This weekend I had the pleasure of watching “Kandahar” (2001), a beautifully shot film starring Nelofer Pazira, as Nafas, based on her true life story of returning to Afghanistan to find her sister 10 years later, after she had fled to the United States in 1989 during the Soviet Union’s occupation and the mujahideen’s rebel take over.
The film opens with a view from a hand held camera in a helicopter following the rich, red, jagged mountain tops of Afghanistan, and the camera’s movement mimics the jaggedness of these peaks. The motion is not shaky as much as it lends itself to simulating the experience of walking along the mountains from a bird’s eye view.
Immediately thereafter, the camera’s gaze (positioned from the helicopter, and then from the ground) smoothly and slowly tilts down – following white parachutes – falling from the sky against a light blue sky as women’s voices fill the landscape with a song. The opening is simple and poetic, the significance of the parachutes is not clear, but the transition from mountains to windy dessert is intriguing with the simple equipment the director chooses.
The camera, again hand held, walks through crowds of little school girls, visually establishing the residents of rural Kabul, walking through the crowd shooting straight on, with close ups of each child’s face. The shear volume of people is overwhelming, perhaps touching on a westerner's point of view of Afghanistan as a world a part, a group of unknown peoples. The view swiftly cuts to a walking pan of close up shots of their faces, so gorgeous and unique, making for an intimate feeling and revelation of each child’s individuality. The removed feeling, the irresponsibility that many post 9/11 westerns may have, is effectively replaced by this visual technique.

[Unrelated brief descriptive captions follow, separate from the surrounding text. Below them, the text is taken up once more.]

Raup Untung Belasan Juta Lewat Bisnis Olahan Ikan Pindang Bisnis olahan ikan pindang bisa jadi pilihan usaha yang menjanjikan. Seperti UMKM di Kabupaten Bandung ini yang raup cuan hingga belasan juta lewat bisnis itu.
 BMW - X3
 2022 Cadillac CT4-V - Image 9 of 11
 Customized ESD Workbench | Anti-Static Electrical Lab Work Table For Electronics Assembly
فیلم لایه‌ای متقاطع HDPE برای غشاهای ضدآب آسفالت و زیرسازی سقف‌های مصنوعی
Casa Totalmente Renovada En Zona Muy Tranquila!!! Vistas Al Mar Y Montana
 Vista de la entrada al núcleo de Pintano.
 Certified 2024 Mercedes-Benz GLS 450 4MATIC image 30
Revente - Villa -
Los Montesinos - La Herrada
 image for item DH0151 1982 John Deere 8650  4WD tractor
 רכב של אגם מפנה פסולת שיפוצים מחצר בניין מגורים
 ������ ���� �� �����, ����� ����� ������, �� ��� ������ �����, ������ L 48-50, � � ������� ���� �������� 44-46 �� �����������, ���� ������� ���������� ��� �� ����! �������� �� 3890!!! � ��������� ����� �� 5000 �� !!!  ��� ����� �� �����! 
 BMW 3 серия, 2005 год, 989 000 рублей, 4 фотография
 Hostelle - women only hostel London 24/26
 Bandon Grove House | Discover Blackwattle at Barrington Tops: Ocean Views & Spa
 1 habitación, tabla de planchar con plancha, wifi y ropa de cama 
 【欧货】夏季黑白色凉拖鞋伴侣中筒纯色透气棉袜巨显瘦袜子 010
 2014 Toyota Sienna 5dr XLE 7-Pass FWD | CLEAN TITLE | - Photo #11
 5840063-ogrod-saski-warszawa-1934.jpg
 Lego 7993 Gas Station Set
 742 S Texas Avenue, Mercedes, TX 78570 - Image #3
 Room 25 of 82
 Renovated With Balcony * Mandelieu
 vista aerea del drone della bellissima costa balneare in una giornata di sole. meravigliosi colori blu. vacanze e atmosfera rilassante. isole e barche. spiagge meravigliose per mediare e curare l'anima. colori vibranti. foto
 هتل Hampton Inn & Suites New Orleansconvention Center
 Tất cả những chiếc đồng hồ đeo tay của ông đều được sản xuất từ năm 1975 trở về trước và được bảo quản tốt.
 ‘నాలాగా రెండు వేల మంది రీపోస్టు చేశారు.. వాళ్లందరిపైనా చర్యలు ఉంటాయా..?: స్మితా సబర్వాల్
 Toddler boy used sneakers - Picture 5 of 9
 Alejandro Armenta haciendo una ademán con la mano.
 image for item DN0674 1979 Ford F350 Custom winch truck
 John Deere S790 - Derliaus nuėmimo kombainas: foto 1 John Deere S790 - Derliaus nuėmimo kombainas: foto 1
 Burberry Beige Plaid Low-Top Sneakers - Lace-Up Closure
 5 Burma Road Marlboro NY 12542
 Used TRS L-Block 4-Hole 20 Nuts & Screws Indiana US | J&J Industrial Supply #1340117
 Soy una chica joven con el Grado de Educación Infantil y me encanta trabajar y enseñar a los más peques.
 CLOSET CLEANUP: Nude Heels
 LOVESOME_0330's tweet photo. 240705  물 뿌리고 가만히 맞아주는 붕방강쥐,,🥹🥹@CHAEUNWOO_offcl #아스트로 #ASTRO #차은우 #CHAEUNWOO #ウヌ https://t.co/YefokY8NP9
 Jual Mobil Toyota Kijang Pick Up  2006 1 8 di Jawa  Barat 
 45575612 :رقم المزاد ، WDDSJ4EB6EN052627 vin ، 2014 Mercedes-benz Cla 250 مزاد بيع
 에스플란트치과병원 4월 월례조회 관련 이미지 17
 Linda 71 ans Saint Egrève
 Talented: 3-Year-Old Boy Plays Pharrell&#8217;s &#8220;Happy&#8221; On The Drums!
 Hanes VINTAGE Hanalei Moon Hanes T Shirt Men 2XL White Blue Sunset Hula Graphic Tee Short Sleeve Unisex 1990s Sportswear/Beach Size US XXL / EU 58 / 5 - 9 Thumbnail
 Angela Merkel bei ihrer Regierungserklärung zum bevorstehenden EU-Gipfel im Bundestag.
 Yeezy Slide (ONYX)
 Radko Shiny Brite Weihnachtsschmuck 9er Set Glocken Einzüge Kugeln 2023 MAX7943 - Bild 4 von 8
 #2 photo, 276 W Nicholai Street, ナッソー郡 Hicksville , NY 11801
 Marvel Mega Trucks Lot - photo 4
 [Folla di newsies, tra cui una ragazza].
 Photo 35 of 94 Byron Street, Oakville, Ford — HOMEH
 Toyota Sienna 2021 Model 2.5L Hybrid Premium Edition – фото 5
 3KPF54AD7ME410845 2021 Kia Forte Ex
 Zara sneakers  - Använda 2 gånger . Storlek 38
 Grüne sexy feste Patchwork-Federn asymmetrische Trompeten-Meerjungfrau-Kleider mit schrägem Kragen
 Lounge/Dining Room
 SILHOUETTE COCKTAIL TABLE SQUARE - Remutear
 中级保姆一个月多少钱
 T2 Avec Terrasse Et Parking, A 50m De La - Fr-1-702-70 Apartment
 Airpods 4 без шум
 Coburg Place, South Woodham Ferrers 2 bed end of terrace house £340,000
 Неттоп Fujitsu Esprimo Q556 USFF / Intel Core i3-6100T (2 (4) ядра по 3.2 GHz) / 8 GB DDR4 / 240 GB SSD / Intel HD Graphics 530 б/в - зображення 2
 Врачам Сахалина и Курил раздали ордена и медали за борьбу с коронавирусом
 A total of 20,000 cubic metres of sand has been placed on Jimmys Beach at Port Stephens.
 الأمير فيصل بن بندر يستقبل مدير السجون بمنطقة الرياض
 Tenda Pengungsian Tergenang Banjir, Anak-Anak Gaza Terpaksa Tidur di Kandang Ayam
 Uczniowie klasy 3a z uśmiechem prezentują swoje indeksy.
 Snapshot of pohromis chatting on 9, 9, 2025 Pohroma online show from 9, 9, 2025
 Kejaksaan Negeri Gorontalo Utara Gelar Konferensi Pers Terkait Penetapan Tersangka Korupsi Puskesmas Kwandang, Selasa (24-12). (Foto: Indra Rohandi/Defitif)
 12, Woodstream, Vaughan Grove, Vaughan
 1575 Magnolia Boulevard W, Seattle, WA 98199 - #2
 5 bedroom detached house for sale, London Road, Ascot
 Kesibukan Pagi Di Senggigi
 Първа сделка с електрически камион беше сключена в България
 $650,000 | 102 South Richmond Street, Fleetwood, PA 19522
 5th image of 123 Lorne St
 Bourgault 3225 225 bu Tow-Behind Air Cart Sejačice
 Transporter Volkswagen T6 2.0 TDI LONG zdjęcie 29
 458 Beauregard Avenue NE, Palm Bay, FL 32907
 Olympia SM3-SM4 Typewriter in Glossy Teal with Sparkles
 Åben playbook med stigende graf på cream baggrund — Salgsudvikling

In contrast, we are introduced to the young boys of Afghanistan - a walking pan across the back of their heads – mimicking the pan of the young girls’ school lines from the previous scene, yet the young men are all in white hats chanting scripture, and we do not get to initially know them by their faces, rather a distant and anonymous symbol of scholarship and a future military arm.
When we do see a young man’s face, the teacher has shouted “silence” - the chanting is broken and we cut to a medium shot of a boy’s head obediently raising up to recite the attributes of a Kalashnikov or “semi automatic weapon, with gunpowder and repeat. It kills the living and destroys those already dead.”
The visual hints, and absence of narration speak volumes to generations raised in war and spiritual devotion. The clever compound of visuals of empty landscapes and children's roles, speak clearly of isolation and the roots of a misunderstood culture with dignity and urgency for peace.
In this simply shot part-memoir, part-drama, there are two other effective camera choices that lend to the visual story.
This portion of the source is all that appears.